*** Begin section ***

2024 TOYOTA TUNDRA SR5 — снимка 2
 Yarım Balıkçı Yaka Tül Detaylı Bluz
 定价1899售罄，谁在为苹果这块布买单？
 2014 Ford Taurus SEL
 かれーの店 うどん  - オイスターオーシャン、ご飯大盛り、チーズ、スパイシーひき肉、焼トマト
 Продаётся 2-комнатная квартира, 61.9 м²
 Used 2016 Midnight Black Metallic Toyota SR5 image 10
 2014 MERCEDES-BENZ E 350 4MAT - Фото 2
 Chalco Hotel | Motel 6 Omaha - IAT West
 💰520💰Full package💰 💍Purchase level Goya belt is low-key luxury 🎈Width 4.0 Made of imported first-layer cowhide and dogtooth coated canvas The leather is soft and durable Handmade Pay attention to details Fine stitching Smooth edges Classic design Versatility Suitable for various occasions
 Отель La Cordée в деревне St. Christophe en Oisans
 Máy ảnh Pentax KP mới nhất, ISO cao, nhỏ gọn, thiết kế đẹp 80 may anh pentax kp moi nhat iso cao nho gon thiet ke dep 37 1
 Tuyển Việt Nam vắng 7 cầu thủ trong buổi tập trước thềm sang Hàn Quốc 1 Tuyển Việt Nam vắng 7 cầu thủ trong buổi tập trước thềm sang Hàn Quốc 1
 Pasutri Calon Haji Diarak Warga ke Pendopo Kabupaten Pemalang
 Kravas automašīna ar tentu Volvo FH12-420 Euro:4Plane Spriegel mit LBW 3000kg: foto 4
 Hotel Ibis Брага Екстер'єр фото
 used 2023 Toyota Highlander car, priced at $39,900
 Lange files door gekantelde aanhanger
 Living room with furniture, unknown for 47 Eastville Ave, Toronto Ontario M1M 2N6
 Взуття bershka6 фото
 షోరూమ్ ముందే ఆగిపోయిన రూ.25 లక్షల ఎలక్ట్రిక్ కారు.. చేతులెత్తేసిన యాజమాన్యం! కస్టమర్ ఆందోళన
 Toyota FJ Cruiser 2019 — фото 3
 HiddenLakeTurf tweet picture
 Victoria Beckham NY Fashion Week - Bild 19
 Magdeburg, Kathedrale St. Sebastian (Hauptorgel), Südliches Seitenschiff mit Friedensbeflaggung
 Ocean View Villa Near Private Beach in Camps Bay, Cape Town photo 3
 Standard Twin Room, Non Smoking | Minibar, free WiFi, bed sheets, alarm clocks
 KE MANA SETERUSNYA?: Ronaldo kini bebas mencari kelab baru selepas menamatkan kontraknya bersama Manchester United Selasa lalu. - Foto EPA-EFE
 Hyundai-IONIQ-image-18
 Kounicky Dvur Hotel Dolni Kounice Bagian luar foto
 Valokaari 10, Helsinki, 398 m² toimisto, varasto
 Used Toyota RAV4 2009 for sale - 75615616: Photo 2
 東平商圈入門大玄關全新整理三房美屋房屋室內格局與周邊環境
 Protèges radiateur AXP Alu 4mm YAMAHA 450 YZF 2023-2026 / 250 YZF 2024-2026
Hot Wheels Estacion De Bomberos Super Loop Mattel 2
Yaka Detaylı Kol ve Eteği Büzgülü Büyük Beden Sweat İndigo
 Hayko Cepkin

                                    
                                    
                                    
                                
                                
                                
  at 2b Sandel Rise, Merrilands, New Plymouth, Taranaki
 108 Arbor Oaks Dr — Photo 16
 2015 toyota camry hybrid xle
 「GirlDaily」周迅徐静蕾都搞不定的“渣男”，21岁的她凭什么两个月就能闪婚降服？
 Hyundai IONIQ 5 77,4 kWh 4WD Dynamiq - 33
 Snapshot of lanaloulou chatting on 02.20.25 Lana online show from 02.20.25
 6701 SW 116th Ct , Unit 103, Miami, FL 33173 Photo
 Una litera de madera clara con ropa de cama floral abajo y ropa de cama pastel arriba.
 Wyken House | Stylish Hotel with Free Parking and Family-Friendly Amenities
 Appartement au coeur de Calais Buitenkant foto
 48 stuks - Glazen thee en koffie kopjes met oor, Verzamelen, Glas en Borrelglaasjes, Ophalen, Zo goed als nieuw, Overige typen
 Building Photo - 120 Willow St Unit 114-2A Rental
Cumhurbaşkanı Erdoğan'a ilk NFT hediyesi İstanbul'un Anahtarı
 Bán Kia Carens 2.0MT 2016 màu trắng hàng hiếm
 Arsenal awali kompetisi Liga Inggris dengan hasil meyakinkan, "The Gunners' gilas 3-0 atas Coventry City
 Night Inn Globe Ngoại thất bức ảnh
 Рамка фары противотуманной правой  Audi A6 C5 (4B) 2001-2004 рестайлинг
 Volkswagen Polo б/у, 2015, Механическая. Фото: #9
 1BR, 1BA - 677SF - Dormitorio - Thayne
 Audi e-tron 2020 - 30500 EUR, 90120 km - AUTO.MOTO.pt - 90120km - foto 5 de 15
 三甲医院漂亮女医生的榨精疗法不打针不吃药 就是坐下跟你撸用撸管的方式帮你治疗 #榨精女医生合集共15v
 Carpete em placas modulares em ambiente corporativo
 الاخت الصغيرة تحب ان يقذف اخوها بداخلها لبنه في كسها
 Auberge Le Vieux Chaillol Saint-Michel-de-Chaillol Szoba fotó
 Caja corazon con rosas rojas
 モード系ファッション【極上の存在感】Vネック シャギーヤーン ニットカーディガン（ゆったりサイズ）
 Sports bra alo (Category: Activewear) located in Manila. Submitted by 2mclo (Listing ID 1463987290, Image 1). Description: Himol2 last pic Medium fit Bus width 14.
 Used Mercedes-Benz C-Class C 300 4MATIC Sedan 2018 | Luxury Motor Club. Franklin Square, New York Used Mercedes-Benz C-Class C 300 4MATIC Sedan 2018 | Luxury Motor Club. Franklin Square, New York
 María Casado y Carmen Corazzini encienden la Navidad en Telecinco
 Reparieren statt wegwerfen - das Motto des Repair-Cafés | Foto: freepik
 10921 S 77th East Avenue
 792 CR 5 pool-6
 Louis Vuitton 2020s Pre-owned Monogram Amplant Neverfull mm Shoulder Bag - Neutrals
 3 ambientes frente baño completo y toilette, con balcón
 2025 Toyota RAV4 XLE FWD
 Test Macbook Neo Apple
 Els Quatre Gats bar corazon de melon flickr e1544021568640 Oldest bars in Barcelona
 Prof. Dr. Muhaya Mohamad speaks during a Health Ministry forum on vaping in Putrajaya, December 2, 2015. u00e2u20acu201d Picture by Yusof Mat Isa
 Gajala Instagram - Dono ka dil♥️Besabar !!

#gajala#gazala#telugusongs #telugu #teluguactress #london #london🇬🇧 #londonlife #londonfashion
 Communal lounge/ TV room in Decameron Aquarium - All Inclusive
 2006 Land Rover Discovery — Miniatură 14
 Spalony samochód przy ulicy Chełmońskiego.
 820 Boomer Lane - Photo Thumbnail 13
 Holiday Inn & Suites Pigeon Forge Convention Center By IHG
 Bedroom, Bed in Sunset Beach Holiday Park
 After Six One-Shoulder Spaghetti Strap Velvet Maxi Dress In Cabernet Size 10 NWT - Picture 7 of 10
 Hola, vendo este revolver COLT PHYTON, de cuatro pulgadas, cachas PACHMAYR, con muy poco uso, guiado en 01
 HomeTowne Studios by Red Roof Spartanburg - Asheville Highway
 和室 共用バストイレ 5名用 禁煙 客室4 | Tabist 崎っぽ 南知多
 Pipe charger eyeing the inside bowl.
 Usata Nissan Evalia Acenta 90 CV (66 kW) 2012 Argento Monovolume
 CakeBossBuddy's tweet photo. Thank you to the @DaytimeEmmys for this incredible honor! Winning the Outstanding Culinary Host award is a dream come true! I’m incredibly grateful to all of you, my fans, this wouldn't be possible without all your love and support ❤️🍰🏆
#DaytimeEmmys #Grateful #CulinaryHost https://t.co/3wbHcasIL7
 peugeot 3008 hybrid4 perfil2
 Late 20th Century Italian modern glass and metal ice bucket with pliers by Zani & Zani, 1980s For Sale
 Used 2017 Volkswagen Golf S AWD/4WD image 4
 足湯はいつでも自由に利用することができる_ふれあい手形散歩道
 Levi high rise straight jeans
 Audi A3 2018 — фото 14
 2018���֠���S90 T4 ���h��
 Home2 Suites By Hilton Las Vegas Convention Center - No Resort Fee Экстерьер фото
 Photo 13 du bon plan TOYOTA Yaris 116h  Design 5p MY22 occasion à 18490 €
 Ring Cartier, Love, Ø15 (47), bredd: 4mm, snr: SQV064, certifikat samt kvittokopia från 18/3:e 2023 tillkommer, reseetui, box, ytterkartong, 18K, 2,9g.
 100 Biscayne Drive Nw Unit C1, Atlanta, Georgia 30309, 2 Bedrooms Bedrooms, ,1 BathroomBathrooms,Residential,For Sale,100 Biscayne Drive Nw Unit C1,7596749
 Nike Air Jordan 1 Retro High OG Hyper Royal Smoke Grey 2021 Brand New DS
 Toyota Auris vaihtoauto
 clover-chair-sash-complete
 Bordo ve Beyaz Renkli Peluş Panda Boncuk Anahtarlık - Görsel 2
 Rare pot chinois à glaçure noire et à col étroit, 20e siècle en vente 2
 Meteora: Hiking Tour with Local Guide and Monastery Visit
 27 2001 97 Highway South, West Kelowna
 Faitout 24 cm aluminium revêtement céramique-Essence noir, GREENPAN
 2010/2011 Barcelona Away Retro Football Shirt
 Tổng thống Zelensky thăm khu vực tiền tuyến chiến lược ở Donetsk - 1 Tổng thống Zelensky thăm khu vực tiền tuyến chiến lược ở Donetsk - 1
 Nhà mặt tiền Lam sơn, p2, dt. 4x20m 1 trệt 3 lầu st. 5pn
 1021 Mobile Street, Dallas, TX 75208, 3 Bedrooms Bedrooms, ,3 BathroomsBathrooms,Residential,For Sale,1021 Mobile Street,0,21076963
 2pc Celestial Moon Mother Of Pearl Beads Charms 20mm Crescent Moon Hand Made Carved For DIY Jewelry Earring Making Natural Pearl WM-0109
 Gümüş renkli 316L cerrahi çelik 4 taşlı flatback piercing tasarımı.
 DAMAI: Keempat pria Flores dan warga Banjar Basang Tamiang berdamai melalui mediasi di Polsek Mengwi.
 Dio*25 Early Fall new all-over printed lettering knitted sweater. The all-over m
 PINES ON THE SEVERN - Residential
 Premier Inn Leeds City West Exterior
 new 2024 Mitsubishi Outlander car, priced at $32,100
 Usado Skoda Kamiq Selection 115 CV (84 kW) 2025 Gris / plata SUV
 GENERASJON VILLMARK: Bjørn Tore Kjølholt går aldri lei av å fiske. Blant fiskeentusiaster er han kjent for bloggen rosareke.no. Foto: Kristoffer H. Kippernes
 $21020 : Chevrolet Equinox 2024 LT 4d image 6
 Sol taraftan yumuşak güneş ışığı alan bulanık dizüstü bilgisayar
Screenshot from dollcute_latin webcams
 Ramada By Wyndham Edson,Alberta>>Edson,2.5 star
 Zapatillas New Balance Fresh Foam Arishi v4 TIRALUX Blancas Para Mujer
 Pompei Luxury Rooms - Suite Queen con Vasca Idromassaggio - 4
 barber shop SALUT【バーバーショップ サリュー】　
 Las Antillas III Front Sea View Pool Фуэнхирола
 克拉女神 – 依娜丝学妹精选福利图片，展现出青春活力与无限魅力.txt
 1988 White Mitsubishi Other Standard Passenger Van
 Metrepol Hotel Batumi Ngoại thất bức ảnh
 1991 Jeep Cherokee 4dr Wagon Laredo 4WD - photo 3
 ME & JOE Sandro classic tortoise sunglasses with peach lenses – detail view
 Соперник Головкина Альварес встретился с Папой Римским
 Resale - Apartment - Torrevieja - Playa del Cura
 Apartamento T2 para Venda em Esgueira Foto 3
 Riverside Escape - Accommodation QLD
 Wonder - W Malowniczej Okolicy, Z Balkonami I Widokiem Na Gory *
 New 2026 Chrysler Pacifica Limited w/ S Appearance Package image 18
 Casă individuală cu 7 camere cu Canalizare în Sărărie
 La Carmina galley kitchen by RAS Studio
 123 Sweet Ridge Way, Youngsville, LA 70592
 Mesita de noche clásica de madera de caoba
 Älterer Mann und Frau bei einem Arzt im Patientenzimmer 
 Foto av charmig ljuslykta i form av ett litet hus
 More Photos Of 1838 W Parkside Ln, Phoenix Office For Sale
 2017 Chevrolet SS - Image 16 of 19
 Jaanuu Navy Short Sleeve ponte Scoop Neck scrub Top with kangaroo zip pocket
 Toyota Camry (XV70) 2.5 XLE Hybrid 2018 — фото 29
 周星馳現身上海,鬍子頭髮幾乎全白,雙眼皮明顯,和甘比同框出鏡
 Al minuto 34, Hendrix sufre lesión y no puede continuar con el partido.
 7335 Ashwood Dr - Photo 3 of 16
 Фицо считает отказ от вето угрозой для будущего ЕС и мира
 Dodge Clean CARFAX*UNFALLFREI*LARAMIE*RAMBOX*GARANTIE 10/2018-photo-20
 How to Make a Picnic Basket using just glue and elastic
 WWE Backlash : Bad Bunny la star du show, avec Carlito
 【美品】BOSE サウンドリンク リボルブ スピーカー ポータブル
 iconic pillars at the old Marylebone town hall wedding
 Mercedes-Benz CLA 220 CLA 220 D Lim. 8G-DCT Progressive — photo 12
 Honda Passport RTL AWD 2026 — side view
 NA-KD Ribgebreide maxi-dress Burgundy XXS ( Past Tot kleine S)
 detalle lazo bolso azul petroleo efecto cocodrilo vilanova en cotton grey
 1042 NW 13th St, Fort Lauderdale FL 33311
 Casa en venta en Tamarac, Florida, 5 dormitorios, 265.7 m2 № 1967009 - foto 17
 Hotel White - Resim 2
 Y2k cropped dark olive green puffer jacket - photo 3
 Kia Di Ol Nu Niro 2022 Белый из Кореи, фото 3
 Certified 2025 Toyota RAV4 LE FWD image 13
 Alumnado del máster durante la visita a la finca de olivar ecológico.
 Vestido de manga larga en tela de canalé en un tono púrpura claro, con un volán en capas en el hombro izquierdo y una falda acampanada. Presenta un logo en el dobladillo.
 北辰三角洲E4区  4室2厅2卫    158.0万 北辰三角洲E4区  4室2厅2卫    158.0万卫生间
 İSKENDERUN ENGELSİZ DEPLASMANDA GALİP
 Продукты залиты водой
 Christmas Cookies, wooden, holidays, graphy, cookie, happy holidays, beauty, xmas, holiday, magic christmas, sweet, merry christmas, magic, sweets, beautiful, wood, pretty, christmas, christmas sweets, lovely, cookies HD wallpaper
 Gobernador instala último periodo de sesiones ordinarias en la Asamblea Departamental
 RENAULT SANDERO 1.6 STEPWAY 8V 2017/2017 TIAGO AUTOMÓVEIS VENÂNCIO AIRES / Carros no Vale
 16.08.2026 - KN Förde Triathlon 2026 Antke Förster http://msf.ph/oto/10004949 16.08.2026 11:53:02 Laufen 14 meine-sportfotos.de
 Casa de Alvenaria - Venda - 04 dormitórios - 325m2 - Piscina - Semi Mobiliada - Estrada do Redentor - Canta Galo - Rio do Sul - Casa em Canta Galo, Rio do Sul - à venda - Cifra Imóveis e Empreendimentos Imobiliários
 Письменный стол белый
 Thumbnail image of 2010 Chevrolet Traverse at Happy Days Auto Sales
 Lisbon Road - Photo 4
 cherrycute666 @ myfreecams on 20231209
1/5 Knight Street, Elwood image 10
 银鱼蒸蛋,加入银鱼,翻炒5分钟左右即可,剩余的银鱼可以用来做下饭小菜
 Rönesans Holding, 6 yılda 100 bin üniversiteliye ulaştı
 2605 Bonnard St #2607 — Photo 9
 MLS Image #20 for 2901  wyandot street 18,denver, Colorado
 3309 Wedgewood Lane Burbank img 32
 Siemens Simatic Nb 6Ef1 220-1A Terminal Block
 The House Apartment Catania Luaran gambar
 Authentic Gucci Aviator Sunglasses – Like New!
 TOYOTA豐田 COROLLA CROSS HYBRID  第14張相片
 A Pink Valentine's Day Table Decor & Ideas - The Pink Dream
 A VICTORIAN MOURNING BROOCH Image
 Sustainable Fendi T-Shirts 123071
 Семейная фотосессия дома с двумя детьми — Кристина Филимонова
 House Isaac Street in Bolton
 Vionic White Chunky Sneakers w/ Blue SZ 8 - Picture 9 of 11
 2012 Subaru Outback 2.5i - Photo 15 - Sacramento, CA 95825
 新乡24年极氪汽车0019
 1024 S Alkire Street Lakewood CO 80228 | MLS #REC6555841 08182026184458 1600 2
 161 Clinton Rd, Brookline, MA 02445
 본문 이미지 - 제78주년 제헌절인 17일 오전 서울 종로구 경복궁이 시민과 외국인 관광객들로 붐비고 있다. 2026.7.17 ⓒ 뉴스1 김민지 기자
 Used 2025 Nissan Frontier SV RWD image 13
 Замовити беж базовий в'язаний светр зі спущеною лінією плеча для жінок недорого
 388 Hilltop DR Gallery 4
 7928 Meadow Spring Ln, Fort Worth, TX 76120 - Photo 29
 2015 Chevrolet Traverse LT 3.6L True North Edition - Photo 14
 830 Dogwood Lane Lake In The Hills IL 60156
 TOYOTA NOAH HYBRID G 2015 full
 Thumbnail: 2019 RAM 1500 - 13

*** End section ***

* **PROMPT**
From the records above, quote only the lines running from the line with "Gajala Instagram - Dono ka dil♥️Besabar !!" to the line with "CakeBossBuddy's tweet photo.", both lines included.

* **TASK OUTPUT**
 Gajala Instagram - Dono ka dil♥️Besabar !!

#gajala#gazala#telugusongs #telugu #teluguactress #london #london🇬🇧 #londonlife #londonfashion
 Communal lounge/ TV room in Decameron Aquarium - All Inclusive
 2006 Land Rover Discovery — Miniatură 14
 Spalony samochód przy ulicy Chełmońskiego.
 820 Boomer Lane - Photo Thumbnail 13
 Holiday Inn & Suites Pigeon Forge Convention Center By IHG
 Bedroom, Bed in Sunset Beach Holiday Park
 After Six One-Shoulder Spaghetti Strap Velvet Maxi Dress In Cabernet Size 10 NWT - Picture 7 of 10
 Hola, vendo este revolver COLT PHYTON, de cuatro pulgadas, cachas PACHMAYR, con muy poco uso, guiado en 01
 HomeTowne Studios by Red Roof Spartanburg - Asheville Highway
 和室 共用バストイレ 5名用 禁煙 客室4 | Tabist 崎っぽ 南知多
 Pipe charger eyeing the inside bowl.
 Usata Nissan Evalia Acenta 90 CV (66 kW) 2012 Argento Monovolume
 CakeBossBuddy's tweet photo. Thank you to the @DaytimeEmmys for this incredible honor! Winning the Outstanding Culinary Host award is a dream come true! I’m incredibly grateful to all of you, my fans, this wouldn't be possible without all your love and support ❤️🍰🏆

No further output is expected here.